**** SOURCE MATERIAL

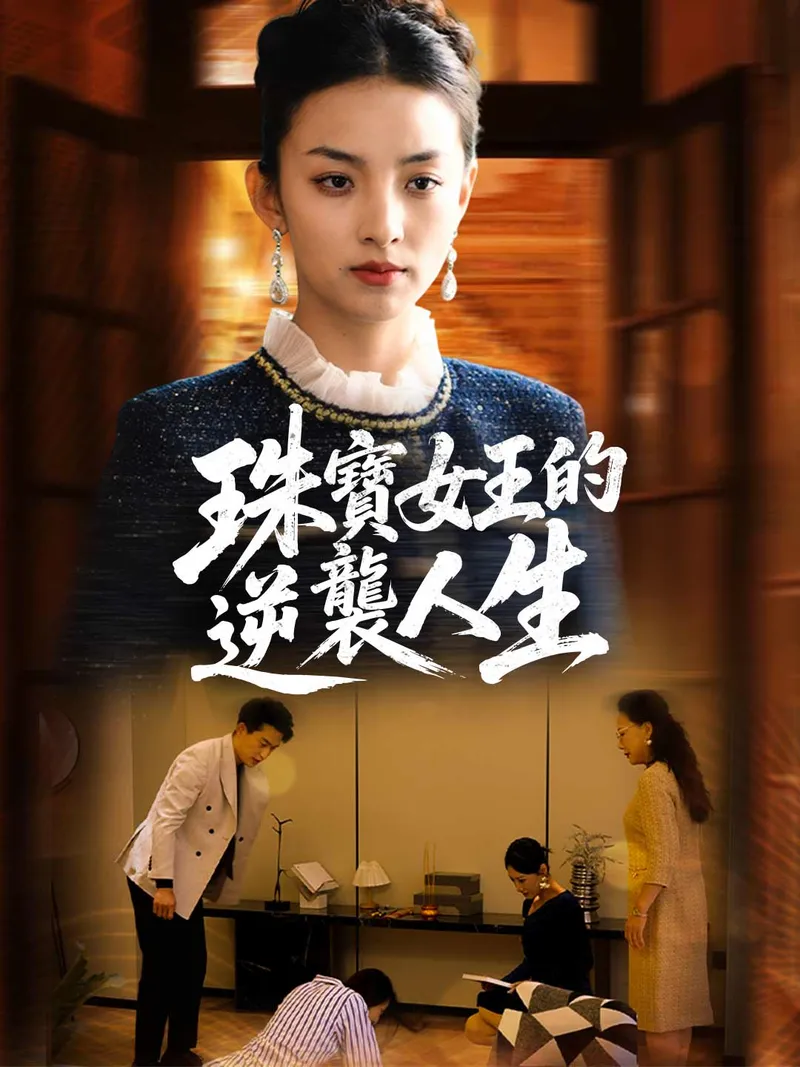《珠寶女王的逆襲人生》封面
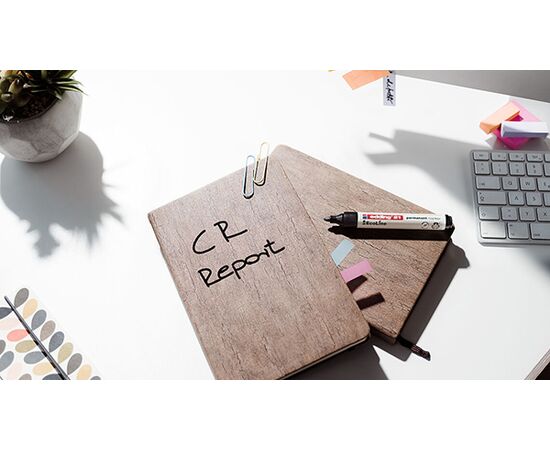 Набор маркеров EDDING ECO [E-21/4S] (4 цвета, 1.5-3 мм, круглый наконечник) фотография 2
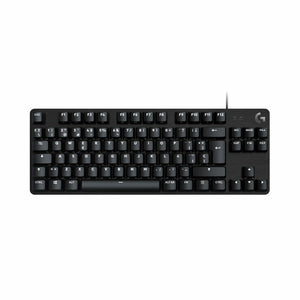 Gaming Keyboard Logitech G413 TKL SE Spanish Qwerty Black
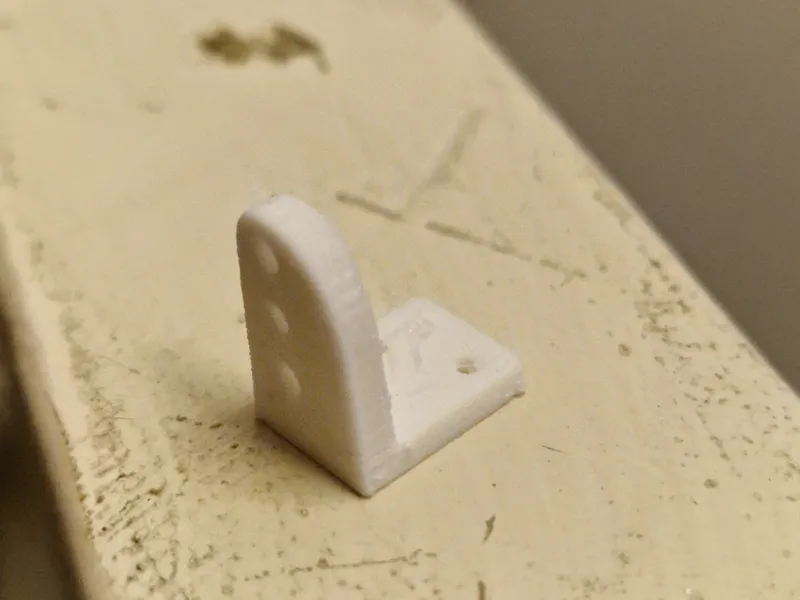 control horn for rc plane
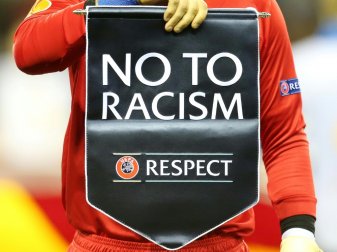 Sieben Spiele Sperre für rassistische Äußerung Sieben Spiele Sperre für rassistische Äußerung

********

→ PROMPT:
Could you give all of the data again exactly as written, omitting any pictures?

→ ANSWER BOX:
《珠寶女王的逆襲人生》封面
 Набор маркеров EDDING ECO [E-21/4S] (4 цвета, 1.5-3 мм, круглый наконечник) фотография 2
 Gaming Keyboard Logitech G413 TKL SE Spanish Qwerty Black
 control horn for rc plane
 Sieben Spiele Sperre für rassistische Äußerung Sieben Spiele Sperre für rassistische Äußerung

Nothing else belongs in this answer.